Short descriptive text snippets
*** Begin section ***
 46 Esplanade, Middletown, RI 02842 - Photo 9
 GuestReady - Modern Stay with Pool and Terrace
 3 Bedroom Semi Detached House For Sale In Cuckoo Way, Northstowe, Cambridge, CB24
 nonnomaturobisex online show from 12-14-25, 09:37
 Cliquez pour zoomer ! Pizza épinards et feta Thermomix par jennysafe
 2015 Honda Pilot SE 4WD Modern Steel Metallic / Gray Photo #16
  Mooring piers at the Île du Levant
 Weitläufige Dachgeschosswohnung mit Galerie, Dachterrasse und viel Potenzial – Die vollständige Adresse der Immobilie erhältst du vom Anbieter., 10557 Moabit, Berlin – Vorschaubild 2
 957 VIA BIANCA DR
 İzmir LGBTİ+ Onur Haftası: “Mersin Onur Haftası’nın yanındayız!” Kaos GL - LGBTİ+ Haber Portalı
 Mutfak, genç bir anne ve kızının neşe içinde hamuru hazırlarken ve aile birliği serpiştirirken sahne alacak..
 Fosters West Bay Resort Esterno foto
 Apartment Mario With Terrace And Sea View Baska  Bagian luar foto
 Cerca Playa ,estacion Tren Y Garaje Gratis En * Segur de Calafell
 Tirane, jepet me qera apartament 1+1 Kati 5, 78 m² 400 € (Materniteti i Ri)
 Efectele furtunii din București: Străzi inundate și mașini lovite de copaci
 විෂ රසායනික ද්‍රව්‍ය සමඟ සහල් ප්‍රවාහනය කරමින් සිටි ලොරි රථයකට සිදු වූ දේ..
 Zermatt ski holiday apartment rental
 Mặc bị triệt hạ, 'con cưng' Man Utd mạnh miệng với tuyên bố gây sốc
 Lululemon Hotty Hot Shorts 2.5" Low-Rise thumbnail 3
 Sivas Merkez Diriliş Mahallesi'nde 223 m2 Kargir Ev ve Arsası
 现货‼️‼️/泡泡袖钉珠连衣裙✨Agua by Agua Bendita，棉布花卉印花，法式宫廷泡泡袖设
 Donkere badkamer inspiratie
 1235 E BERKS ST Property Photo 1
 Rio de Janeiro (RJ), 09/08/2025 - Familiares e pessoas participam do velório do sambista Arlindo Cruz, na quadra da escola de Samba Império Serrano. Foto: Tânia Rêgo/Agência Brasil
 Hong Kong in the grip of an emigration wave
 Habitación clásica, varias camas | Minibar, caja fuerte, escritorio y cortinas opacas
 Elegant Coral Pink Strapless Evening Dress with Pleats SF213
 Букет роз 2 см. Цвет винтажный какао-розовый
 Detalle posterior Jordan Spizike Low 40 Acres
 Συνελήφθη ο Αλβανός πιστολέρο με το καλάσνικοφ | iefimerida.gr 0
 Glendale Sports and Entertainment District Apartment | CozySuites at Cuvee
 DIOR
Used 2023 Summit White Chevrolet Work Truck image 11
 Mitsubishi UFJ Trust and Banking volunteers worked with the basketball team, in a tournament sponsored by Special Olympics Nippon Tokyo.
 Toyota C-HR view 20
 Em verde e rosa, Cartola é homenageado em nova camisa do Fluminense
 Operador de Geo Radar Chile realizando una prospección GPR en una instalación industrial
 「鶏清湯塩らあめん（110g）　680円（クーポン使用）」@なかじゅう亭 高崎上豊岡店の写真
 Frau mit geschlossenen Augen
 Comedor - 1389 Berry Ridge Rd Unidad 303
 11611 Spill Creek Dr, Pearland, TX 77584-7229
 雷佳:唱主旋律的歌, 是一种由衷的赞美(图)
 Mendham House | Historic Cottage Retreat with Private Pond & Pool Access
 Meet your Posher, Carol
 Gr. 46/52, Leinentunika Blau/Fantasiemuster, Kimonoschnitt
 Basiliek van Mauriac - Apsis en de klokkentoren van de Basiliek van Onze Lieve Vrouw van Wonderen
*** End section ***
- _What you will do_
Please output exactly the lines between the one holding "Mặc bị triệt" and the one holding "Συνελήφθη ο Αλβανός" in the records above, inclusive, and nothing more.

- _Written solution_
 Mặc bị triệt hạ, 'con cưng' Man Utd mạnh miệng với tuyên bố gây sốc
 Lululemon Hotty Hot Shorts 2.5" Low-Rise thumbnail 3
 Sivas Merkez Diriliş Mahallesi'nde 223 m2 Kargir Ev ve Arsası
 现货‼️‼️/泡泡袖钉珠连衣裙✨Agua by Agua Bendita，棉布花卉印花，法式宫廷泡泡袖设
 Donkere badkamer inspiratie
 1235 E BERKS ST Property Photo 1
 Rio de Janeiro (RJ), 09/08/2025 - Familiares e pessoas participam do velório do sambista Arlindo Cruz, na quadra da escola de Samba Império Serrano. Foto: Tânia Rêgo/Agência Brasil
 Hong Kong in the grip of an emigration wave
 Habitación clásica, varias camas | Minibar, caja fuerte, escritorio y cortinas opacas
 Elegant Coral Pink Strapless Evening Dress with Pleats SF213
 Букет роз 2 см. Цвет винтажный какао-розовый
 Detalle posterior Jordan Spizike Low 40 Acres
 Συνελήφθη ο Αλβανός πιστολέρο με το καλάσνικοφ | iefimerida.gr 0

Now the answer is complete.